The standard narrative is too simplistic about the role, origins, and impact of entrepreneurship. But the closer you look, the fuzzier it gets, finds guest blogger Dane Stangler.
The standard narrative about the American economy in the late twentieth century typically runs as follows: after four decades of quasi-statist capitalism (the 1940s through the 1970s) that brought the United States to the brink of economic ruin, the economy experienced an entrepreneurial explosion around 1980. The economy moved from the dull bureaucratic capitalism of the "Organization Man" to the exciting entrepreneurial capitalism of high-technology and, accordingly, more robust growth and productivity. Without questioning the importance of entrepreneurship to economic growth, I'm beginning to wonder about this.
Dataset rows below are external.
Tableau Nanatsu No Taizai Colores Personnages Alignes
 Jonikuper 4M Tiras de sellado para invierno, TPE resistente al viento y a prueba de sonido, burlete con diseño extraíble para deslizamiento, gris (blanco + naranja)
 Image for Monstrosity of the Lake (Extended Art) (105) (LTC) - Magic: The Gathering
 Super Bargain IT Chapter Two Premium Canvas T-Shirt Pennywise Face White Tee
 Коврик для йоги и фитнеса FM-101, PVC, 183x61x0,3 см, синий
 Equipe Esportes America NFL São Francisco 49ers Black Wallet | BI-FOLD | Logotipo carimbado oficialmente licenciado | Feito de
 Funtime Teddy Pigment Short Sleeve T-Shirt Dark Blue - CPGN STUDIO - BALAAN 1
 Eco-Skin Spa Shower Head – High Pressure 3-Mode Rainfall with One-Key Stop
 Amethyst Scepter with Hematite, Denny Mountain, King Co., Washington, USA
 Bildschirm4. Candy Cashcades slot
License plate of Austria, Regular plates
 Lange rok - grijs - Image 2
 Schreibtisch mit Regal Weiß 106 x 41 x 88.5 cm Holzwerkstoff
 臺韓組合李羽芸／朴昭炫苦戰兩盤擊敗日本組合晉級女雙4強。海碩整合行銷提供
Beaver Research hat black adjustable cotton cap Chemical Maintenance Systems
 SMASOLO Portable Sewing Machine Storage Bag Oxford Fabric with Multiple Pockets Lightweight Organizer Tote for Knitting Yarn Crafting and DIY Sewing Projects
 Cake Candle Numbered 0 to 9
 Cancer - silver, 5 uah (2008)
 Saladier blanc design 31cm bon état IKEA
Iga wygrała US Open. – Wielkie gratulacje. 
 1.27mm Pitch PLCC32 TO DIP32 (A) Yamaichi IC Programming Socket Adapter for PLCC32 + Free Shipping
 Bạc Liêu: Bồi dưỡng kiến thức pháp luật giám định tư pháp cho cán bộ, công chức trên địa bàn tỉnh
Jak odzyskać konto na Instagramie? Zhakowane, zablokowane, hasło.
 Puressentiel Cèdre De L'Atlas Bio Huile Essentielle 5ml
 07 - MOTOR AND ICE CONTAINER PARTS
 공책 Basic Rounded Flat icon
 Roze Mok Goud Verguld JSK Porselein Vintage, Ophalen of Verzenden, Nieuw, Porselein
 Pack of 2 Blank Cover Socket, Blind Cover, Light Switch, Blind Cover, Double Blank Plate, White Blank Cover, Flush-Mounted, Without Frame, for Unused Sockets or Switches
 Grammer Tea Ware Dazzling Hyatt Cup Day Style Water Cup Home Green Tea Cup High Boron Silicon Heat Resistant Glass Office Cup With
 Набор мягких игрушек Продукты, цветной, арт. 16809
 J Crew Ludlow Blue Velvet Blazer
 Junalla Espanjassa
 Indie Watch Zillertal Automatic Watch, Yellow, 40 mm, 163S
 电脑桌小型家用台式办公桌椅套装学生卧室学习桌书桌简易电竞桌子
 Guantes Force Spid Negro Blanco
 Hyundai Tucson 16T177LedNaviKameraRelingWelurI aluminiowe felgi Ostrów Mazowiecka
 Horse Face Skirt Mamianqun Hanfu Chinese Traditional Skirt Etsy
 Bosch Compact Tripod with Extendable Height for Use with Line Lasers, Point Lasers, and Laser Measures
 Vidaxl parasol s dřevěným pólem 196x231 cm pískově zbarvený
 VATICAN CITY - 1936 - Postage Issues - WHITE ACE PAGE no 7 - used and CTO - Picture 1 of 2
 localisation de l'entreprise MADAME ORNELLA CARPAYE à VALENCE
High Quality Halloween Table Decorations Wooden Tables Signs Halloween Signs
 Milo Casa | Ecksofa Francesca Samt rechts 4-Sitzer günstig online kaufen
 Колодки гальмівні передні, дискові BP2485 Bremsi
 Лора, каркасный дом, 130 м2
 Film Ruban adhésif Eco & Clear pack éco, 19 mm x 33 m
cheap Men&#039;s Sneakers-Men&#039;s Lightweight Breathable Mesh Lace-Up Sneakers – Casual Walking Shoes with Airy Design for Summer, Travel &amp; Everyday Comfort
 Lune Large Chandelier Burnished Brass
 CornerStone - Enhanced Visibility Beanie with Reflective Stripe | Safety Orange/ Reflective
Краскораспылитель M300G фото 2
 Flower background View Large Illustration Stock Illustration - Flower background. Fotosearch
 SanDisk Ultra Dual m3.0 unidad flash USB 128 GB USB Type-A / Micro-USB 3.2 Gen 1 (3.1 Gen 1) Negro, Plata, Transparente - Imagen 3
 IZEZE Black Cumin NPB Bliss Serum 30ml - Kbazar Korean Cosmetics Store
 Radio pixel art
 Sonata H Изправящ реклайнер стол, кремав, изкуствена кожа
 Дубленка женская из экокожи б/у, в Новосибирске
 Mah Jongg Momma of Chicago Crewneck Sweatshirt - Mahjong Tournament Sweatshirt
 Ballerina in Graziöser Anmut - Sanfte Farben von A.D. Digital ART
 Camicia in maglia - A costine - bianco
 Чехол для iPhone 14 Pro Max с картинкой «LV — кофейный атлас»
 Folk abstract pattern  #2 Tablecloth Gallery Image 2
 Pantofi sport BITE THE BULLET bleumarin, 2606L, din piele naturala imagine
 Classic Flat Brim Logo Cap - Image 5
For starters, let's take recent technological history. The information technology revolution that is associated with the 1980s and 1990s was born in the 1950s and 1960s, emerging out of government-funded research performed at universities and large company laboratories. We could probably mark the start of the IT revolution at the founding of Fairchild Semiconductor 1957 or, perhaps, the founding of Intel in 1968; Microsoft and Apple followed in the mid-1970s. Other companies typically associated with this entrepreneurial rebirth include FedEx and Southwest Airlines, which were also started in the late 1960s and early 1970s. Even within the confines of the conventional narrative outlined above, we can trace the roots of entrepreneurial capitalism to the final stages of bureaucratic capitalism, a pattern that aligns with other models of technological revolutions and transitions. In his wonderful book, The Age of Abundance, Brink Lindsey (who is now a Senior Fellow at the Kauffman Foundation), connects the counter-cultural ethos of the 1960s with the subsequent entrepreneurial revolution in business.